My son is nearly eight months old, so I've only got months under my belt not years like you. He sleeps so lightly, will not sleep alone, and wakes every 20-40 mins. I haven't had more than an hour or so in a row for months and there have been days I've honestly thought my sanity was in danger. Through it all, ds is a ball of energy,
Ignore the Advice (I know, this is advice) because you've probably tried everything and it you're like us, nothing bloody works. The idea of gently popping a hand on them until they fall asleep? Laughable. Controlled crying, after which they just drop off after a few hours? Nope.
It's incredibly hard. The hardest bit about parenting in my experience.
Sleep consultants? Well, I've seen plans they've drawn up for friends and there's nothing revolutionary there. It's the stuff you're likely doing anyway - routines and then some variant on pick up put down, cc or gradual retreat (none of which worked for us.)

The only thing that's keeping me from a breakdown is dh, who takes him at 5-6:30 am before work so o can have a sleep, breakfast and shower.

It sucks.

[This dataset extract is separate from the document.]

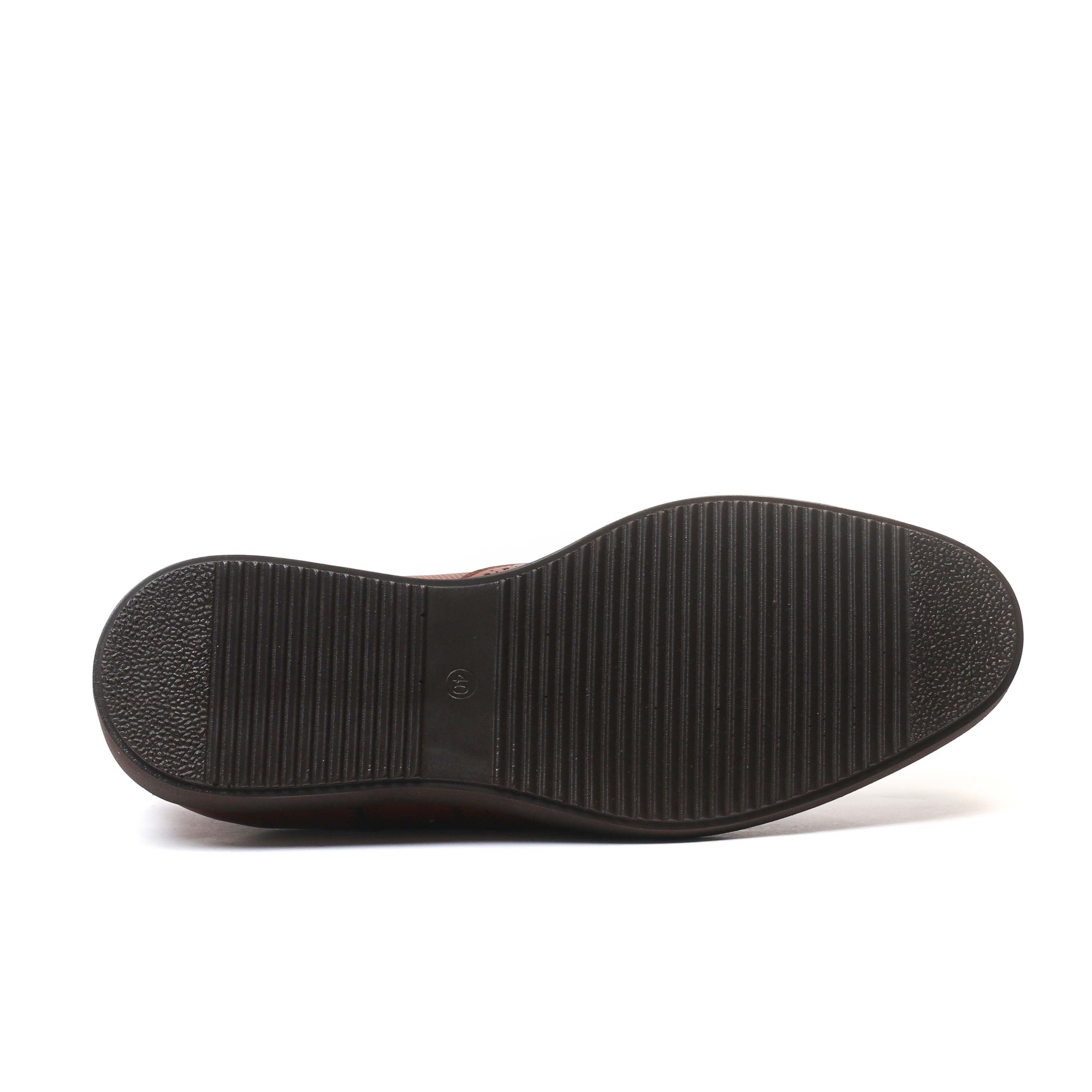 Chaussure en Cuir Tabac-054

Have a virtual internet hug, and try not to murder the 'oh yes mine still wakes once a night' crowd. They know not what they say flowers and cake and brew

ASpongeAndARustySpanner Thu 26-May-16 11:34:10

My DD is almost 23 months and can't nap really now, if she does we all pay.

If I keep her awake she sleeps from 7pmish to 7amish with a wake up at 4 normally for a cuddle and a drink and goes straight back down. If she naps that bed time goes out the window and we are looking at a 9pm bedtime and running around like a mentalist at bath time and wake ups for drinks and cuddles and stories at midnight, 3am and 5am wanting to get up for the day. Drives me barmy. If she has to have a nap I'm very strict about it starting no later than 11am and going on for no longer than 45mins. Any longer than that is a huge mistake!

My Dad in particular is very soft with her and tells me off for keeping her up, and sometimes she's clearly a bit sleepy in the afternoon but our nights are hell if she sleeps in the day for any length of time. Sometimes it's barely worth keeping her up all day as we end up with a witching hour from 6-7pm where she's a bit of an arsehole but this has now been going on for 5-6months and I know it's not a fluke.